Mesh-Rekonstruktion und automatische Beschriftung
Da spätere Datensatzforschung wahrscheinlich auf reale Bilder erfolgen wird, werden die Netze in SAIL-VOS 3D von dem maschinellen Lern-Framework generiert, anstatt aus dem GTA-V-Engine abgeleitet zu werden.

Mit einem programmatischen und im Wesentlichen ‘holografischen’ Verständnis der gesamten Szenenrepräsentation können SAIL-VOS 3D-Bilder Repräsentationen von Objekten synthesieren, die normalerweise durch Occlusionen verdeckt sind, wie z. B. den weit entfernten Arm der sich umdrehenden Figur hier, auf eine Weise, die ansonsten von vielen repräsentativen Instanzen in realen Bildern abhängen würde. (Klicken zum Vergrößern) Quelle: https://arxiv.org/pdf/2105.08612.pdf
Da jedes Objekt in der GTA-V-Welt eine eindeutige ID enthält, ruft SAIL-VOS diese aus dem Rendering-Engine mithilfe der GTA-V-Script-Hook-Bibliothek ab. Dies löst das Problem der erneuten Erfassung des Subjekts, wenn es vorübergehend aus dem Blickfeld verschwindet, da die Beschriftung persistent und zuverlässig ist. Es gibt 162 Objekte in der Umgebung, die die Forscher auf eine entsprechende Anzahl von Klassen abgebildet haben.
Vielfalt von Szenen und Objekten
Viele der Objekte in der GTA-V-Engine sind in der Natur häufig vorkommend, und daher enthält das SAIL-VOS-Inventar ein glückliches 60% der Klassen, die in dem häufig verwendeten MS-COCO-Datenset von Microsoft aus dem Jahr 2014 vorhanden sind.

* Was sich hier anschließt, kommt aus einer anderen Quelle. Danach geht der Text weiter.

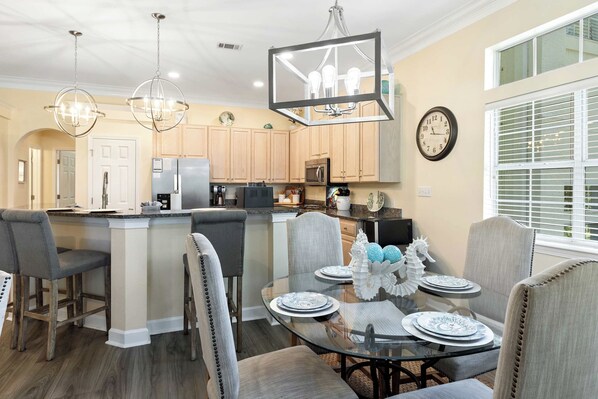 A modern kitchen with wooden cabinets, a central island, and a dining area with a glass table and chairs. - Luxury Golf Cart & View, Steps to Beach,Pool,Tram (Miramar Beach)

Das SAIL-VOS-Datenset enthält eine große Vielfalt von Innen- und Außenszenen unter verschiedenen Wetterbedingungen, mit Charakteren in verschiedenen Kleidungsstücken. (Klicken zum Vergrößern)
Anwendbarkeit
Um die Kompatibilität mit der allgemeinen Forschung in diesem Bereich sicherzustellen und zu bestätigen, dass dieser synthetische Ansatz nicht-synthetische Projekte nutzen kann, haben die Forscher das Datenset mithilfe des framebasierten Erkennungsansatzes ausgewertet, der für MS-COCO und die 2012er PASCAL Visual Object Classes (VOC) Challenge verwendet wird, wobei die Durchschnittsgenauigkeit als Metrik verwendet wird.
Die Forscher fanden heraus, dass eine Vor-Trainierung auf dem SAIL-VOS-Datenset die Leistung der Intersection over Union (IoU) um 19% verbessert, mit einer entsprechenden Verbesserung der VideoMatch-Leistung, von 55% auf 74% bei nicht gesehenen Daten.
Es gab jedoch Fälle extremer Occlusion, in denen die älteren Methoden nicht in der Lage waren, ein Objekt oder eine Person zu erkennen, obwohl die Forscher vorhersagten, dass dies in Zukunft durch die Untersuchung benachbarter Frames zur Ermittlung der Begründung für die amodale Maske behoben werden könnte.